[Python-ideas] Exposing flat bytecode representation to optimizers

Andrew Barnert abarnert at yahoo.com
Fri Feb 5 18:58:06 EST 2016


On Feb 5, 2016, at 15:25, Yury Selivanov <yselivanov.ml at gmail.com> wrote:
> 
> 
> 
>> On 2016-02-05 6:14 PM, Andrew Barnert wrote:
>>> On Friday, February 5, 2016 2:26 PM, Yury Selivanov <yselivanov.ml at gmail.com> wrote:
>>> 
>>> I also had this idea (don't know if it's good or not):
>>> 
>>> 1. have 16 bits per opcode
>>> 2. first 8 bits encode the opcode number
>>> 3. next 7 bits encode the arg (most args don't need more than 7 bits
>>> anyways)
>>> 4. if the 16th bit is 1 then the next opcode is the EXTENDED_ARG
>> 
>> Why? The advantage of Serhiy's idea (or my original one) is that it makes it much easier to write bytecode processors (like the peephole optimizer) when everything is fixed width, because jump target and lnotab fixups become trivial. Your idea leaves jump target and lnotab fixups just as hard as they are today, so we get the cost of having to transform back and forth between two representations, without any benefit.
> 
> Yes, this was related to how Serhiy original proposal on how we can pack opcodes.  It's completely unrelated to the peephole optimizer. Sorry for the confusion.

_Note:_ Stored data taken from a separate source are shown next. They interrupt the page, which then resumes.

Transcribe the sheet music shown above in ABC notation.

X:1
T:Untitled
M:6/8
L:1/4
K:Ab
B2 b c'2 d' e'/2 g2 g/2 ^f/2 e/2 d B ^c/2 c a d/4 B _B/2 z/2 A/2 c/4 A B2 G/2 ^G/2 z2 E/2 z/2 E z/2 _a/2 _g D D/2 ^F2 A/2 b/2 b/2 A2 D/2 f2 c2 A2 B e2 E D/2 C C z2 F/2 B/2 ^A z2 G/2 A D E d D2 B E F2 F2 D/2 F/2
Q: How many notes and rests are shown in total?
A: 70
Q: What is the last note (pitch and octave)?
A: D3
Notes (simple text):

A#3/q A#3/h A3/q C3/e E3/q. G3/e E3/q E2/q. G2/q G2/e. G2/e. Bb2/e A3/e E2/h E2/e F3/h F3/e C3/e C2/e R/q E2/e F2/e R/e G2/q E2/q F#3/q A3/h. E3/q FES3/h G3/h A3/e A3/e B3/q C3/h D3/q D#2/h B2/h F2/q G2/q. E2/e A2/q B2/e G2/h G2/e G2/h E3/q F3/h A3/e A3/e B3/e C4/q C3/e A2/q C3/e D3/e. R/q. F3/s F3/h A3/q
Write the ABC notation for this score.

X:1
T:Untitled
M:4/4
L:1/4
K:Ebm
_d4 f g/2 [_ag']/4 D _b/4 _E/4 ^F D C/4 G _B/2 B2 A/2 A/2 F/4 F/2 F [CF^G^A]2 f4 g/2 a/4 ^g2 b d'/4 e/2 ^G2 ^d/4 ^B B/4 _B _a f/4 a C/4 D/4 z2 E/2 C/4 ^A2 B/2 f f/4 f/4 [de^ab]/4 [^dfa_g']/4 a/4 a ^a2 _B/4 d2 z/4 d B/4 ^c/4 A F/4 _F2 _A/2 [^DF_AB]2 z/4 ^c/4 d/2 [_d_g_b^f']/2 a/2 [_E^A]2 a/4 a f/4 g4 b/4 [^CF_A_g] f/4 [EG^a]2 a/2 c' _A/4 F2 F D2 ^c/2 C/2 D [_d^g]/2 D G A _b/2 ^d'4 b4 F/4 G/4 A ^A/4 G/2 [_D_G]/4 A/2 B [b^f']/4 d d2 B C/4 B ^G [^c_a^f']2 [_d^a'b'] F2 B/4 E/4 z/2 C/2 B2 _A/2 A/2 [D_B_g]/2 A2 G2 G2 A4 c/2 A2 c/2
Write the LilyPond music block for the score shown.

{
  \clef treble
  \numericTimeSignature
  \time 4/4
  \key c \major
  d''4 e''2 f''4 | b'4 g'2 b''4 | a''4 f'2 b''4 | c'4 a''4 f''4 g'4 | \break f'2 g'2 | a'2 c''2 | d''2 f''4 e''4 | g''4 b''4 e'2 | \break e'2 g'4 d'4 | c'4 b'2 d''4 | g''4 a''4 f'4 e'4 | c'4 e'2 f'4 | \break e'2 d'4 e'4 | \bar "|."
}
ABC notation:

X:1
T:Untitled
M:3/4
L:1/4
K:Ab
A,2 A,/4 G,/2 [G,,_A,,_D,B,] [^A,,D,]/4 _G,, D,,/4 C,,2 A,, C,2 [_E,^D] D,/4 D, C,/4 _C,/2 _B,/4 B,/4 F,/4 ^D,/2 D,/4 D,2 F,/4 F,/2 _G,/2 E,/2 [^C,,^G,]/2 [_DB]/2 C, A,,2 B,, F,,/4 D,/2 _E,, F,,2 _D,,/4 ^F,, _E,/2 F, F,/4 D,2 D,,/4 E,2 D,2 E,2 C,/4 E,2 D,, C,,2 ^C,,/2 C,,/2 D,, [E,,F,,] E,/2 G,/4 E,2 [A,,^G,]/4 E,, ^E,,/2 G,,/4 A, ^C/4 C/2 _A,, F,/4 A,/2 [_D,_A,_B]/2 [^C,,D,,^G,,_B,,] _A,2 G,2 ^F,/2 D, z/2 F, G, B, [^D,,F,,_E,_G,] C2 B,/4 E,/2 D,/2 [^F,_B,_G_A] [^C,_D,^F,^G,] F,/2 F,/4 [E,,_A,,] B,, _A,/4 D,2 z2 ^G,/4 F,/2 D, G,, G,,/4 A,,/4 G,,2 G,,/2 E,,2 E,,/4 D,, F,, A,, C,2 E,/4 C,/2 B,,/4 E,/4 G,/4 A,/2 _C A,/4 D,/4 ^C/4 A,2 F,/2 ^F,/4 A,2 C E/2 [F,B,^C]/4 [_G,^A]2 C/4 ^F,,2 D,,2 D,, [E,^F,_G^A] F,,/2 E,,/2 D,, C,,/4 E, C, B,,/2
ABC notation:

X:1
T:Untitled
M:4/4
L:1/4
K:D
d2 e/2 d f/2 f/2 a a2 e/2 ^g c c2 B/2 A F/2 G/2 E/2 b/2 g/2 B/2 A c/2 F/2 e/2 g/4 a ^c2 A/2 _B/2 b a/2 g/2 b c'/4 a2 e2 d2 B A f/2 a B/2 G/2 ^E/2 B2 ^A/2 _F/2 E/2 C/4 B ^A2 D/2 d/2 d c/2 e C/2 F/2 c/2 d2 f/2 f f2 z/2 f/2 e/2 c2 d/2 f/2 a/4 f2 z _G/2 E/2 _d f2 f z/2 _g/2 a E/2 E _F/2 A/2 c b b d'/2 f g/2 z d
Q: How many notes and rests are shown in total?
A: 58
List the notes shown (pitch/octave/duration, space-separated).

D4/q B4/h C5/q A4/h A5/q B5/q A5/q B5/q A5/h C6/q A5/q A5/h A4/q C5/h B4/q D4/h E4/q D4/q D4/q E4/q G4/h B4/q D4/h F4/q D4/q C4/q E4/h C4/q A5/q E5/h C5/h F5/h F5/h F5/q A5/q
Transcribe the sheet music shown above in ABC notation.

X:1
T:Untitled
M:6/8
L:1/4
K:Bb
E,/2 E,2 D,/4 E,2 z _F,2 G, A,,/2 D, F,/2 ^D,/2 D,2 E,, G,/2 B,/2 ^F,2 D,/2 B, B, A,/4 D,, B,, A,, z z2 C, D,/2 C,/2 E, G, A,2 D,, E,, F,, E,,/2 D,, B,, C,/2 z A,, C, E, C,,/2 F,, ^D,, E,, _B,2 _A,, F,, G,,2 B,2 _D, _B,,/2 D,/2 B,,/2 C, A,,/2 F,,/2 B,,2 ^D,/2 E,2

OK, we're on the wrong thread, then, but no big deal.

>> If you were instead suggesting that as an alternative to the version of wordcode I proposed and prototyped in the other thread, to be actually used by the interpreter, then there _is_ a small benefit to your version: arguments in range [2**17, 2**23) need 4 bytes instead of 6. But I think the cost of having arguments in range [2**7, 2**8) take 4 bytes instead of 2, and the extra complexity and CPU cost in the fetch and peek at the core of the eval loop, and being a bigger change from today, make it a lot less attractive.
> 
> I'm sorry, I can't parse what you said there...

OK, let's compare my idea, from the thread you meant to reply to, and your idea. 

I use 16-bit opcodes, with 8 bits for the op and 8 for the argument. I use the existing EXTENDED_ARG mechanism to handle values that don't fit in 8 bits (each 16-bit EXTENDED_ARGS gets you another 8 bits).

You use 16-bit opcodes, with only 8 bits for the op, 7 for the argument, and 1 for a continuation bit. By using the continuation bit instead of existing EXTENDED_ARGs, you can fit 22 bits worth of argument in 4 bytes, while I can only fit 16 bits worth.

So, your idea uses fewer bytes than mine (4 instead of 6) for any argument in range [65536, 4194303]. But it uses more bytes than mine (4 instead of 2) for any argument in range [128, 255]. Although [128, 255] is a smaller range than [65536, 4194303], it's much more common in arguments, so I think your idea will save less space than mine overall.

Your idea is also more complicated conceptually, would require more changes to the interpreter (and to third-party code like byteplay or decompyle), and will probably be slower in the eval loop, which also all make it less attractive.

As for the idea Serhiy is working on, I suspect it will save more space than either yours or mine, but mine might have performance and/or simplicity benefits that make it a better choice. (Hopefully we'll both get far enough that we can prototype it and see.) He's stealing extra bits from the opcode byte to allow skipping the argument entirely in many cases (e.g., LOAD_CONST_0 would be a no-argument opcode that does the same thing as LOAD_CONST with argument 0). So many common opcodes will be only a single byte.